Gerilmemek mümkün mü?
Gül'ün sakinliği, anlıyorum ki iki sebepten geliyor.
  • Cumhurbaşkanı seçilmeyi bir ihtiras haline getirmiş değil. "Bu yaştayım, seçilirsem görevimi tamamladığımda siyasi hayatım sona erecek" diyor. Çankaya'ya dönük bir ihtirası da yok, sonrasına ilişkin hesabı da yok. Çankaya'da görev süresi bitince siyasi hayatına noktayı koyacak. Onun için, hedefi, tarihe "iyi bir cumhurbaşkanı" olarak geçmek...
    Tanıyan herkes kabul eder ki Gül bir siyasi etik adamıdır, entrikalar tertip ederek görev süresini uzattırmak veya görevinden sonra siyasi tertiplere girmek gibi şeylere asla itibar etmez.

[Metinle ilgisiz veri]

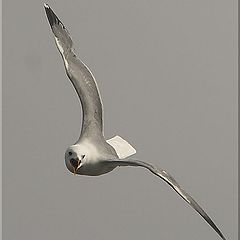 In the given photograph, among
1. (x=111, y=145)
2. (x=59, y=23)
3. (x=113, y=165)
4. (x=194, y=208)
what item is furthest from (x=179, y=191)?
(x=59, y=23)

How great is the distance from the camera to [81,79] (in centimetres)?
395

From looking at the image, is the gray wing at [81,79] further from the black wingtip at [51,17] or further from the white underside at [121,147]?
the white underside at [121,147]

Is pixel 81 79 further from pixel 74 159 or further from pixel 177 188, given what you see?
pixel 177 188

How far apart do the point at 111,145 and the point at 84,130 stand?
15 centimetres

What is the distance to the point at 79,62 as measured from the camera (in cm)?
400

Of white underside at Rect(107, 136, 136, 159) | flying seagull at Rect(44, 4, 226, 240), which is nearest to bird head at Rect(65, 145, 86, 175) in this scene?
flying seagull at Rect(44, 4, 226, 240)

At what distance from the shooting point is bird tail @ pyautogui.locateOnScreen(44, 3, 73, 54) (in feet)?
13.1

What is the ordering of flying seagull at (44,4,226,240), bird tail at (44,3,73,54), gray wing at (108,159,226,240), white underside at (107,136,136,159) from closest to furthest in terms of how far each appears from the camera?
gray wing at (108,159,226,240) < flying seagull at (44,4,226,240) < white underside at (107,136,136,159) < bird tail at (44,3,73,54)

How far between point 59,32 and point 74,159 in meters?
1.06

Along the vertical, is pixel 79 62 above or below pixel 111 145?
above

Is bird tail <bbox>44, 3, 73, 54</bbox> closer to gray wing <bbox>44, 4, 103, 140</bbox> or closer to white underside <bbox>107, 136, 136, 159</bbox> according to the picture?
gray wing <bbox>44, 4, 103, 140</bbox>

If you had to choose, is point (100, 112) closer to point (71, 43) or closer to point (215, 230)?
point (71, 43)

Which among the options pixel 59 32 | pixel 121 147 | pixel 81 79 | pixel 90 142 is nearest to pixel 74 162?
pixel 90 142

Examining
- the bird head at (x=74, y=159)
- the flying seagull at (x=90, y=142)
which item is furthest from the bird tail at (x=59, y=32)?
the bird head at (x=74, y=159) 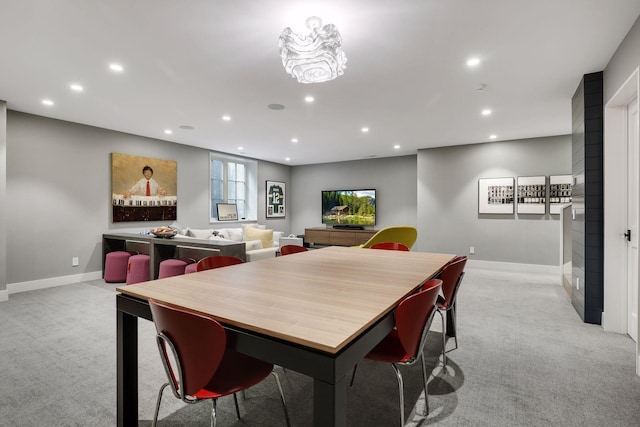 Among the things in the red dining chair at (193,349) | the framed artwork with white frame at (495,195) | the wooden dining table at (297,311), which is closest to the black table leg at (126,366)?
the wooden dining table at (297,311)

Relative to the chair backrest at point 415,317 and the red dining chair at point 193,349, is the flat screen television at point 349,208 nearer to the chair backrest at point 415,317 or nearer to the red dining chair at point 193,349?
the chair backrest at point 415,317

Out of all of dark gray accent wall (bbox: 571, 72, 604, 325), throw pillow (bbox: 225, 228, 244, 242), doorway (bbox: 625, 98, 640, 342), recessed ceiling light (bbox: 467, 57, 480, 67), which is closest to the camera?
doorway (bbox: 625, 98, 640, 342)

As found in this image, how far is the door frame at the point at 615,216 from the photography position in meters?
2.88

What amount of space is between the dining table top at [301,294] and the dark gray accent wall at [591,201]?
6.53 feet

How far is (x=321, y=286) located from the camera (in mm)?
1623

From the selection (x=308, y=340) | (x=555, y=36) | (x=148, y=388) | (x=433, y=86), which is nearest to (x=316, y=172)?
(x=433, y=86)

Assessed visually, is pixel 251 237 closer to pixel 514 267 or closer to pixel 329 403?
pixel 514 267

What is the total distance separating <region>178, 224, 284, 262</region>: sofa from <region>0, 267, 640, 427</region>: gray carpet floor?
6.58 feet

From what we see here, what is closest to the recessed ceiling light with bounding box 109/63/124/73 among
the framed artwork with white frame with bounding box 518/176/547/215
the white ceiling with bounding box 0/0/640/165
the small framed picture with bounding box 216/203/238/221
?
the white ceiling with bounding box 0/0/640/165

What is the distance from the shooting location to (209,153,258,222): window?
737 cm

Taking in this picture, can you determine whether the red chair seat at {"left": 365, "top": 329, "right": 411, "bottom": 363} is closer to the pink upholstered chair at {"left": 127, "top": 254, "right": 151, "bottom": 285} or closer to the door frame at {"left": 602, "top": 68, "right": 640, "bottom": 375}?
the door frame at {"left": 602, "top": 68, "right": 640, "bottom": 375}

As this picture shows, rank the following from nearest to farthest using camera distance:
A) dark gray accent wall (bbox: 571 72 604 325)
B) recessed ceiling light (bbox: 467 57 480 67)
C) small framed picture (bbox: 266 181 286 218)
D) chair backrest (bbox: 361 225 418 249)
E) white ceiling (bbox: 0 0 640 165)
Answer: white ceiling (bbox: 0 0 640 165), recessed ceiling light (bbox: 467 57 480 67), dark gray accent wall (bbox: 571 72 604 325), chair backrest (bbox: 361 225 418 249), small framed picture (bbox: 266 181 286 218)

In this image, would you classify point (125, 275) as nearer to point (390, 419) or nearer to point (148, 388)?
point (148, 388)

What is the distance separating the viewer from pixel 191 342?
1132 mm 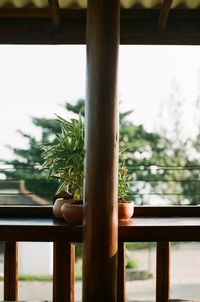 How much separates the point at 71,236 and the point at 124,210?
1.19ft

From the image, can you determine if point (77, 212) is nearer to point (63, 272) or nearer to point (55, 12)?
point (63, 272)

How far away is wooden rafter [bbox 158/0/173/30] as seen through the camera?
310 cm

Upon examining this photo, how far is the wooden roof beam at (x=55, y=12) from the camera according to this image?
123 inches

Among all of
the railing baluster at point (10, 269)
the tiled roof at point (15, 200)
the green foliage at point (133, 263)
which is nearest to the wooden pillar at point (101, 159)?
the railing baluster at point (10, 269)

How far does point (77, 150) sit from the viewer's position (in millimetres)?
2617

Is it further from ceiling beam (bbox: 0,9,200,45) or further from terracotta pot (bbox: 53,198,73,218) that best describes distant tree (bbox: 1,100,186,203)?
terracotta pot (bbox: 53,198,73,218)

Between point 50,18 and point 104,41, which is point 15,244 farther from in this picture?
point 50,18

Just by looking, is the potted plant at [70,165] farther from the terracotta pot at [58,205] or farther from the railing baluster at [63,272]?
the railing baluster at [63,272]

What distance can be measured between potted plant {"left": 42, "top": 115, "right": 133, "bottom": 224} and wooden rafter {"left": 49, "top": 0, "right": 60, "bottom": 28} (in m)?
0.94

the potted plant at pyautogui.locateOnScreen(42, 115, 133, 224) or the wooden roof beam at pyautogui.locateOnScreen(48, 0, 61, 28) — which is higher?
the wooden roof beam at pyautogui.locateOnScreen(48, 0, 61, 28)

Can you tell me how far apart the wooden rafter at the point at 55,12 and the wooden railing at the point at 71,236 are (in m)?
1.39

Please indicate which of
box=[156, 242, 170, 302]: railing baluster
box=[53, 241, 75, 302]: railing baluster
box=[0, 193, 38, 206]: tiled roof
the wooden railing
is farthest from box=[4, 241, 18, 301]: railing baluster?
box=[0, 193, 38, 206]: tiled roof

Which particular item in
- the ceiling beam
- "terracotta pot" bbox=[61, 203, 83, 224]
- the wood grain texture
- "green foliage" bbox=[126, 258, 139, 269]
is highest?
the ceiling beam

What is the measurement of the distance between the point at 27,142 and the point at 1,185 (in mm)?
2461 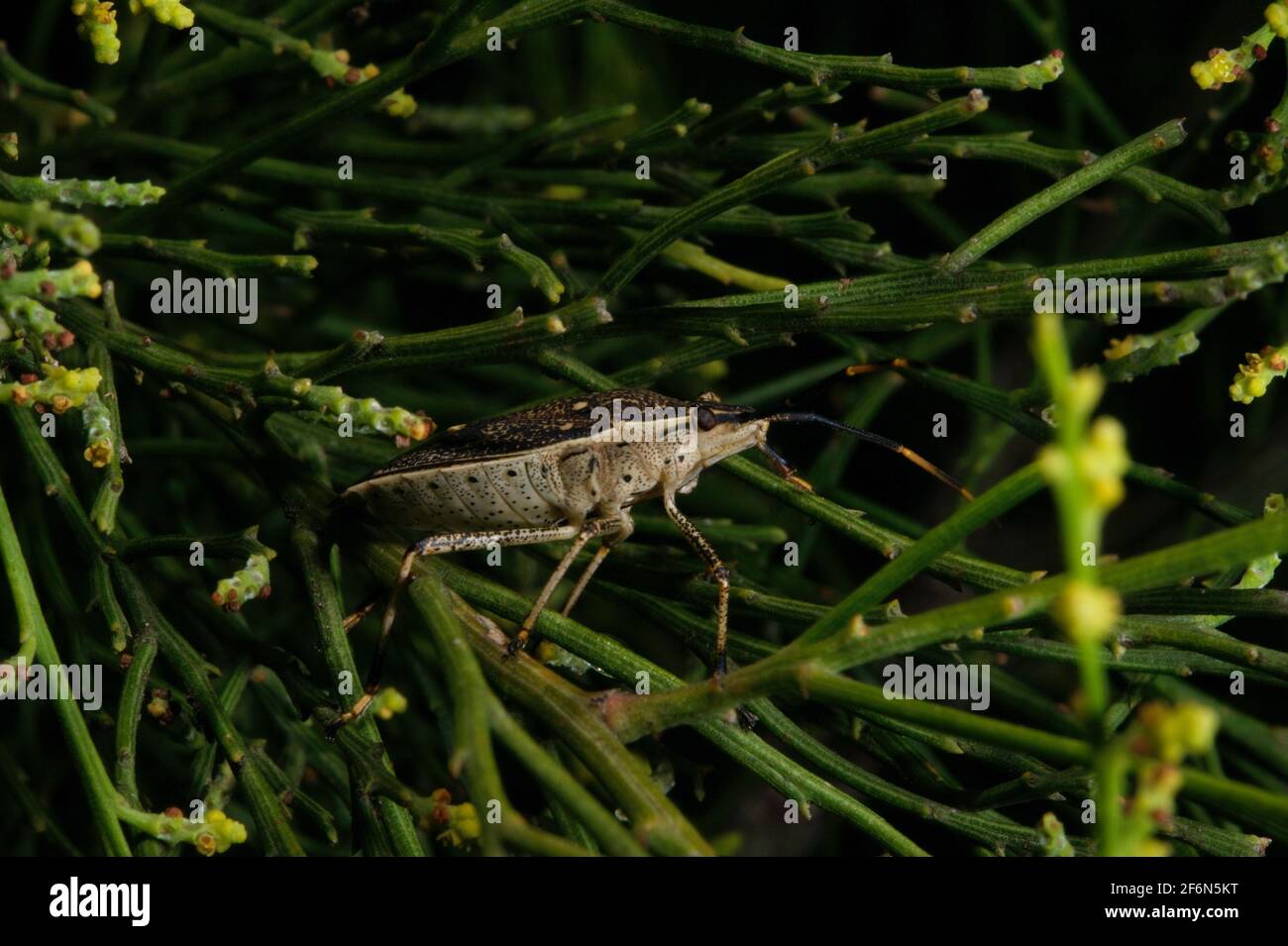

  • Gül'ün önündeki ikinci ihtimal, seçilmesi mahkeme yoluyla engellenirse, Türkiye'nin Anayasa'ya göre 'derhal' genel seçimlere gitmesidir. Bundan da endişesi yok, oylarının artacağına inanıyor, "Cumhurbaşkanlığı seçiminin alternatifi erken seçimdir" diye açıkladı zaten.
    İnsanları en çok geren şey, "belirsizlik"tir; Gül'ün yarınlarında bu iki alternatif var, belirsizlik yok. Hatta sesinde, kendi adaylığının içeride ve dışarıda olumlu karşılanmış olmasının sevincini de hissettim.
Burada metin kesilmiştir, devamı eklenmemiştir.